GAO OVERSIGHT OF NSA: A NEGLECTED OPTION

Years ago, the Government Accountability Office, the investigative arm of Congress, conducted routine audits and investigations of the National Security Agency, such that the two agencies were in "nearly continuous contact" with one another. In the post-Snowden era, GAO could perform that oversight function once again.
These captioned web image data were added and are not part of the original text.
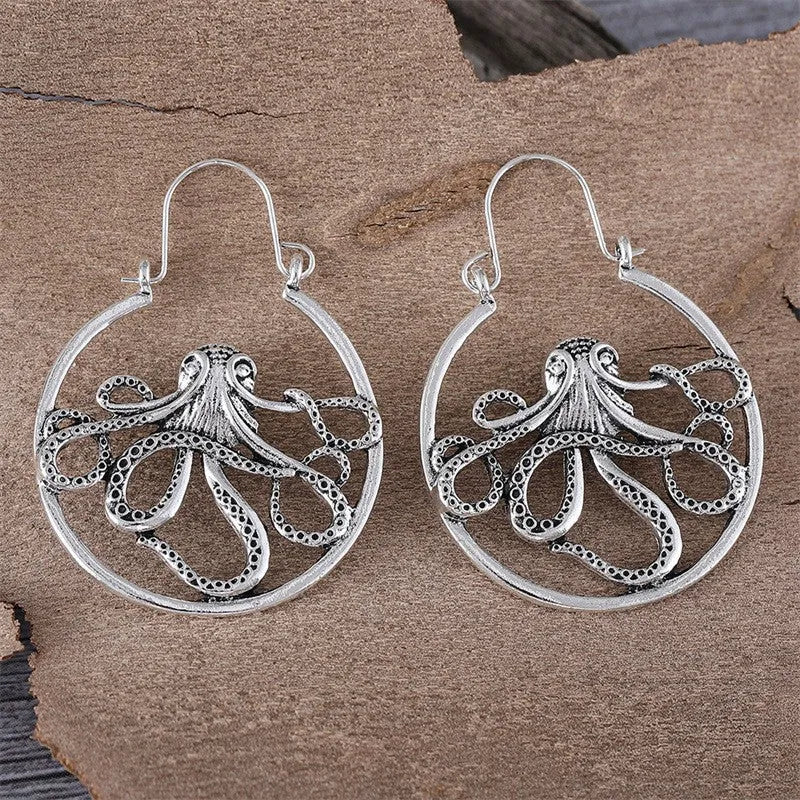 Vintage style octopus drop earrings in antique silver colour with detailed tentacle design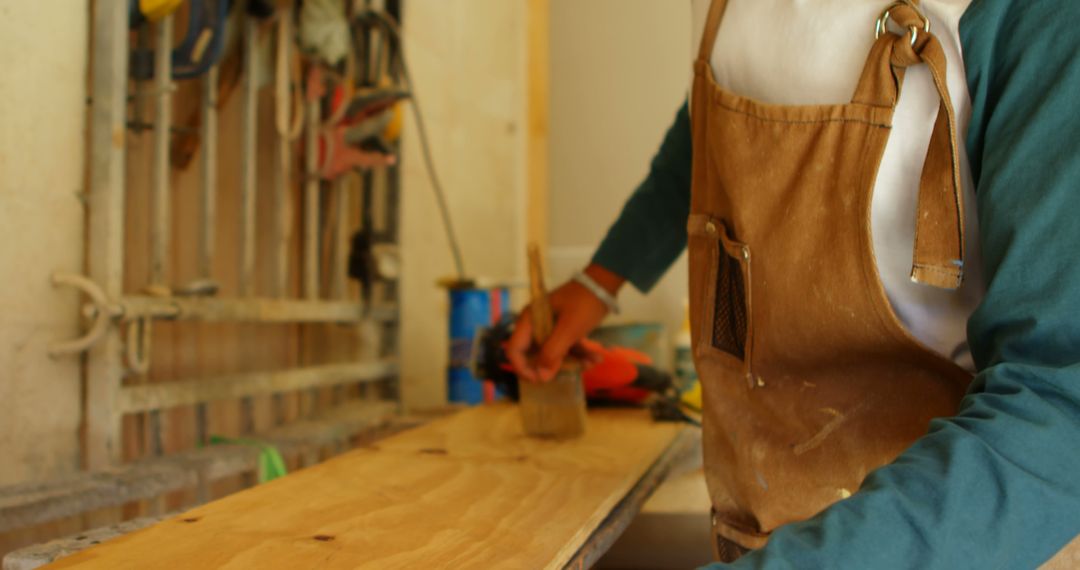 Craftsman Applying Wood Finish in Workshop - Free Images, Stock Photos and Pictures on Pikwizard.com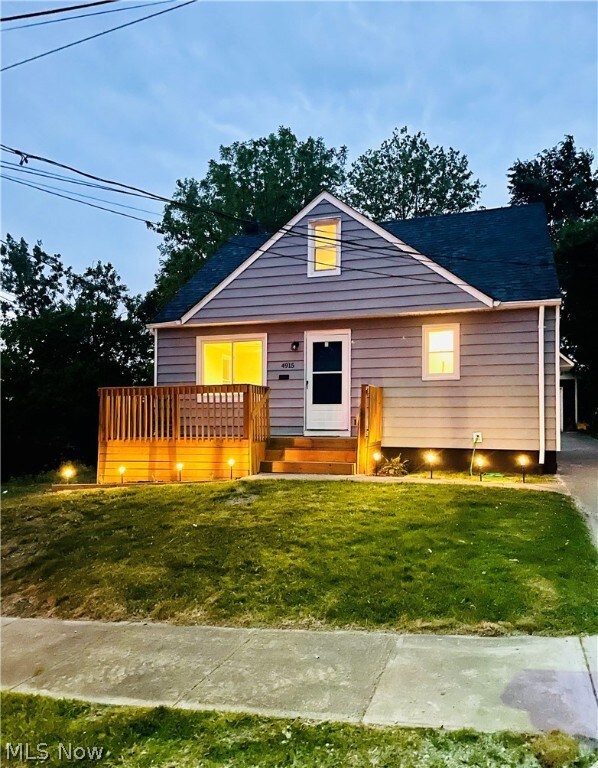 View of front of house featuring a front lawn and a wooden deck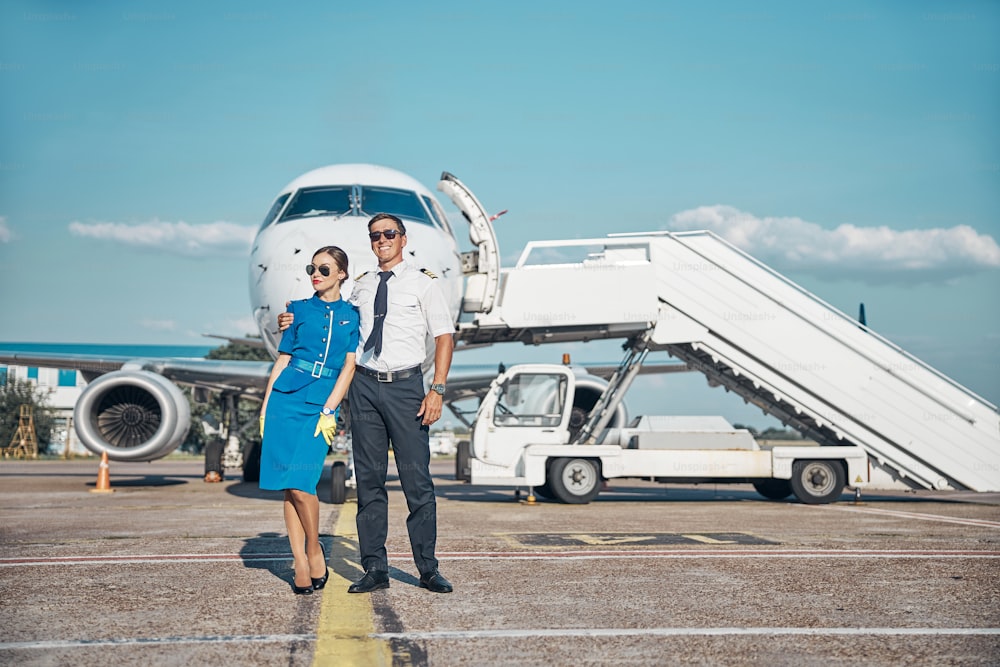 Full length portrait of joyful young stewardess and pilot standing together near passenger plane outdoors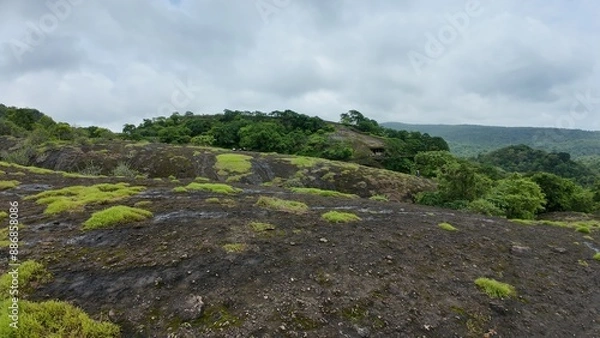 Fototapeta Green Patches on Rocky Terrain Under Cloudy Sky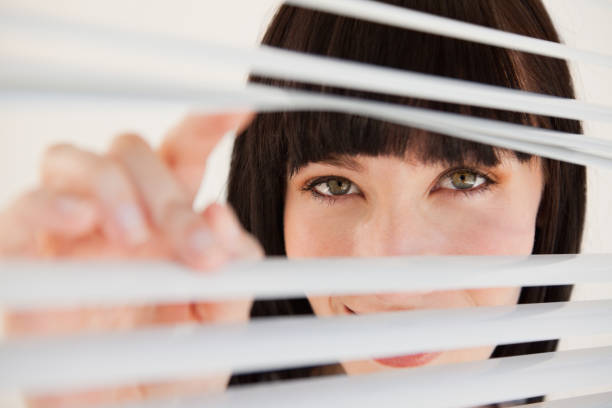 istock Woman moving open some blinds in front of her 842213706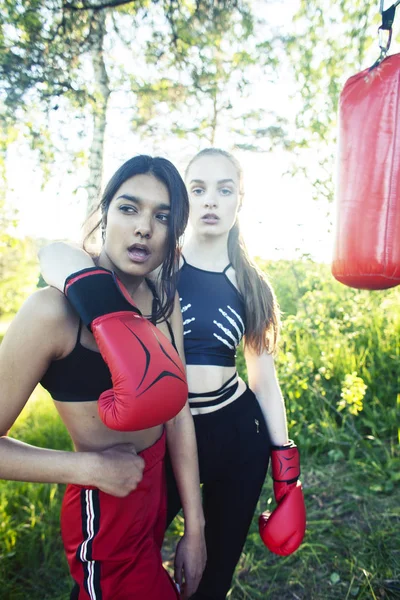 two diverse nations girls fighting boxing outside in green park, sport summer people concept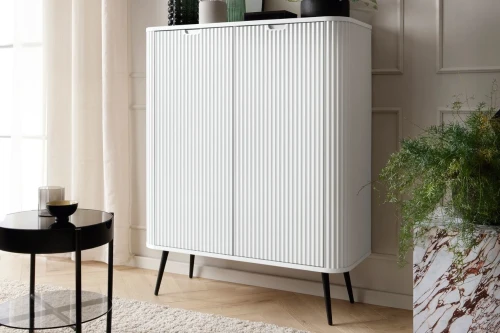 Biała komoda wysoka Luna z drzwiami i ryflowanymi frontami z czarnymi nogami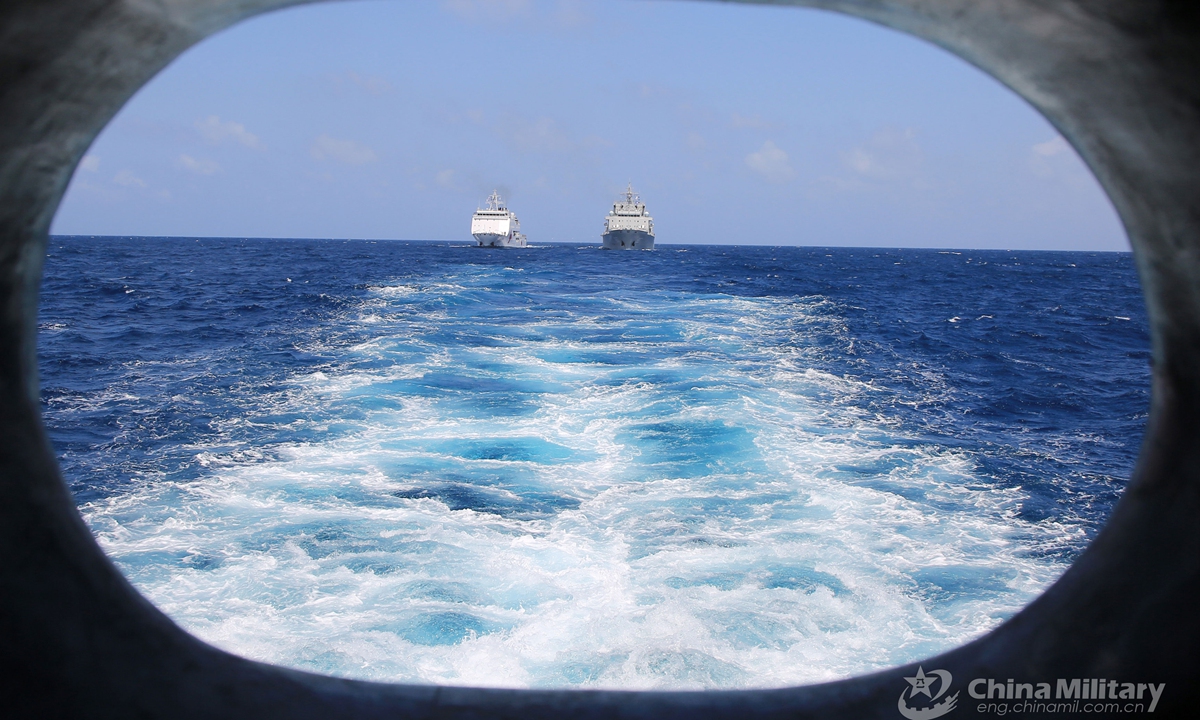 Naval vessels attached to an auxiliary ship group under the PLA Southern Theater Command perform alongside liquid cargo replenishment-at-sea during a maritime training exercise in mid- April, 2021.Photo: China Military Online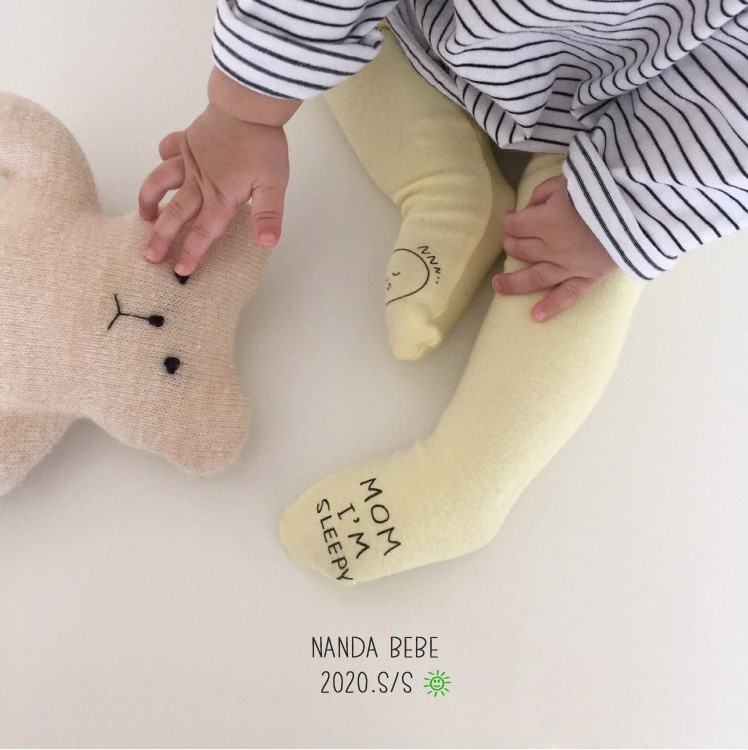 Otoño ins Corea del Sur mismo estilo bebé algodón bottoming pantimedias bebé lindo Smiley cara asimétrica pantimedias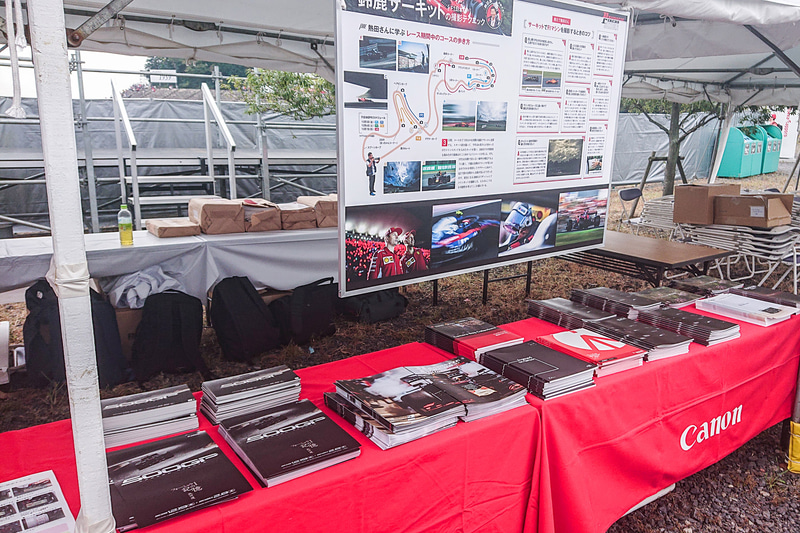 貸し出しブースのテーブルにはEOS 90Dのカタログや写真展のチラシなどが並べられていた。吊されたパネルは熱田氏の連載が掲載されているデジタルカメラマガジンの2018年12月号に掲載されたF1特集ページをパネル化したもの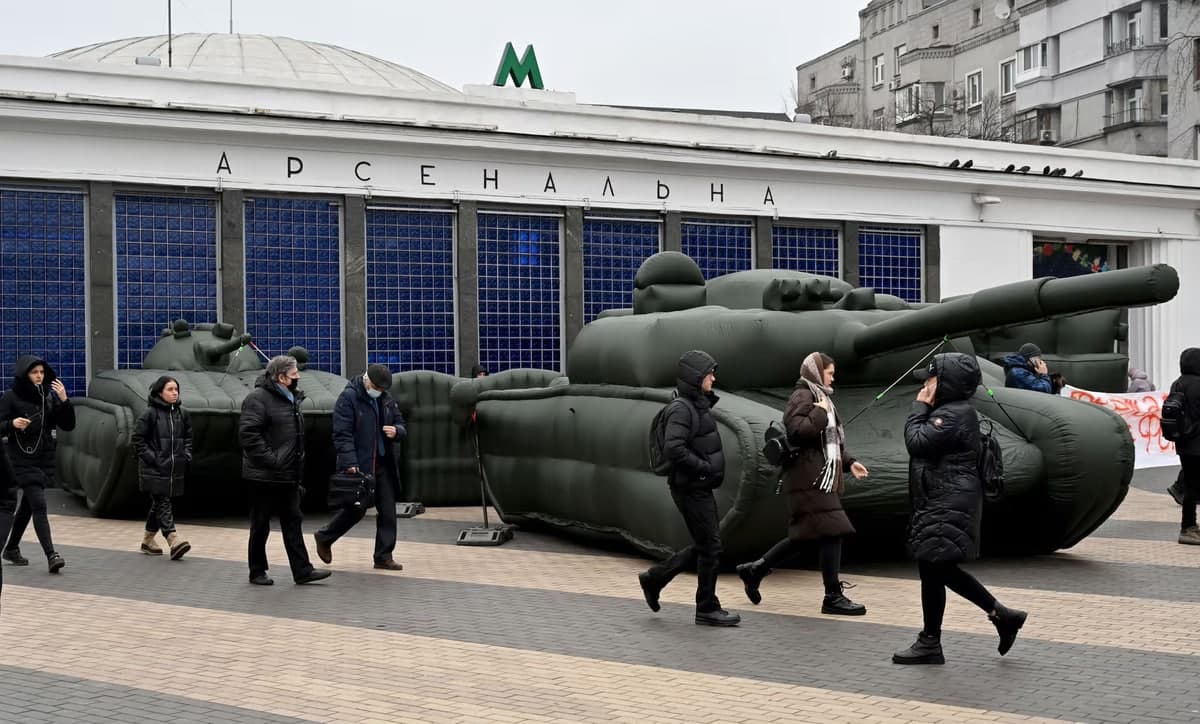 Украина пойтахти Киев шаҳридаги метро бекати яқинида ҳавода шиширилган танклар ёнидан ўтаётган одамлар.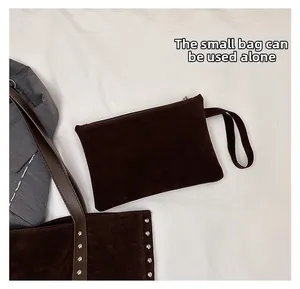 Detail showing a small brown suede pouch with zipper that can be used separately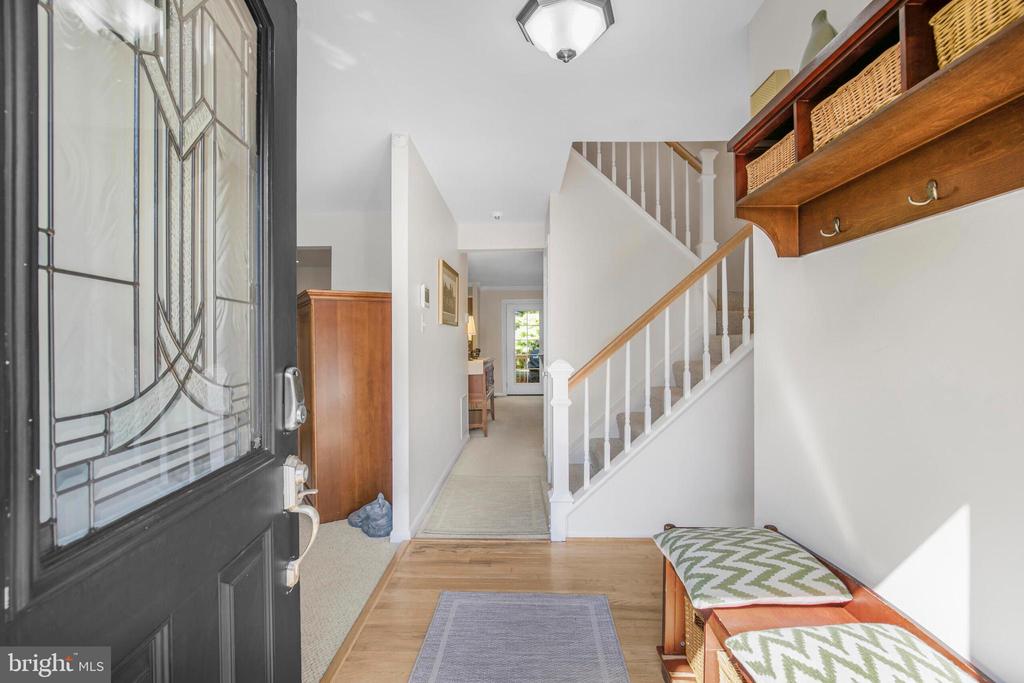 Entry foyer with a glass-paneled front door, hardwood floor, staircase, and wooden coat rack.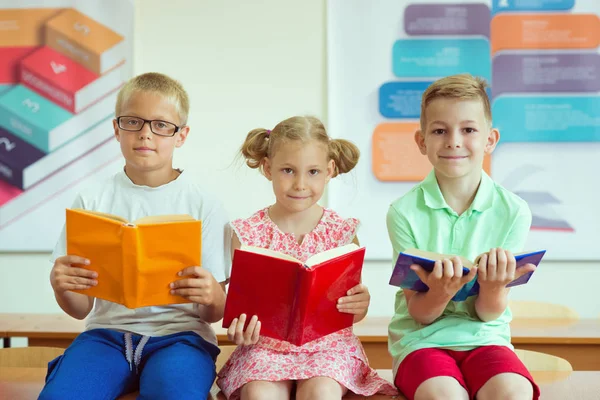 Three Schoolchildren Reading Books Classroom School — Stock Photo, Image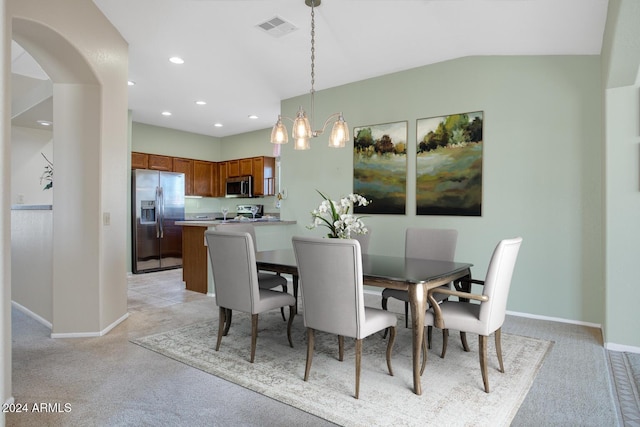 dining room featuring lofted ceiling, light colored carpet, and a notable chandelier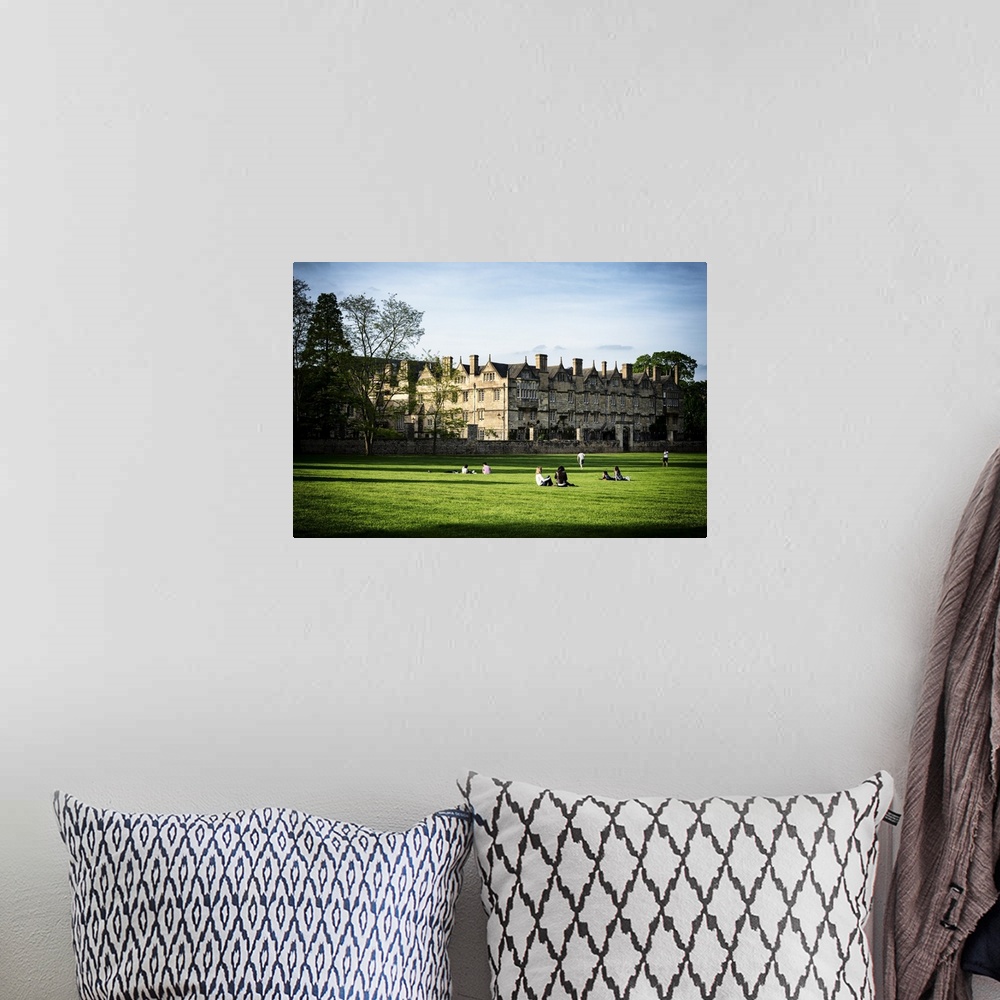 A bohemian room featuring Fine art photo of students on the lawn at the University of Oxford.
"NSA advises that the GAO maintains a team permanently in residence at NSA, resulting in nearly continuous contact between the two organizations," according to a 1994 CIA memorandum for the Director of Central Intelligence.

"NSA's practice has been to cooperate with GAO audits and investigations to the extent possible in accordance with DOD regulations," the CIA memorandum said. "This includes providing the GAO with documents requested, including CCP CBJB's [congressional budget justification books for the consolidated cryptologic program] as long as (1) the request was in support of a valid audit or investigation and (2) the recipients of the classified material had the requisite accesses and could meet security requirements for classified data control and storage. Documents provided in the past have included CCP CBJBs."

At a 2008 Senate hearing, Sen. Daniel Akaka asked the GAO about its relationship with NSA. "I understand that GAO even had an office at the NSA," Sen. Akaka noted.

"We still actually do have space at the NSA," replied David M. Walker, then-Comptroller General, the head of the GAO. "We just don't use it. And the reason we don't use it is we are not getting any requests [from Congress]. So I do not want to have people sitting out there twiddling their thumbs."

Today, the justification for restoring the type of on-site, investigative oversight of NSA that GAO could provide may be newly apparent-- though no one seems to have noticed that GAO could actually provide it.

The recent report of the the Review Group on Intelligence and Communications Technologies includes an appendix citing the various components of oversight of U.S. intelligence, but it does not mention GAO at all.

Whether NSA bulk collection programs are ultimately extended, modified, or terminated, GAO could play a useful role as the eyes and ears of Congress at NSA. While there are several other oversight mechanisms in place, GAO would bring some unique features to the mix.

NSA has a fairly robust Office of the Director of Compliance to perform internal oversight, but it answers to the NSA Director, and reflects his priorities, not necessarily those of Congress. Inspector general oversight focuses on compliance with the letter of the law, and it is probably less well-suited than GAO to consider systemic problems, performance issues and policy alternatives. (Last November, the IC Inspector General deflected a request from Senator Leahy to conduct oversight of NSA surveillance programs, citing resource limitations and other issues.)

If it were directed to conduct audits and investigations on behalf of Congress, there is reason to believe the GAO could add a valuable dimension to NSA oversight. Just as a proposed third-party advocate might "thicken" the deliberations of the Foreign Intelligence Surveillance Court concerning surveillance law, so too might GAO investigators enrich the oversight of NSA programs as they are executed in practice.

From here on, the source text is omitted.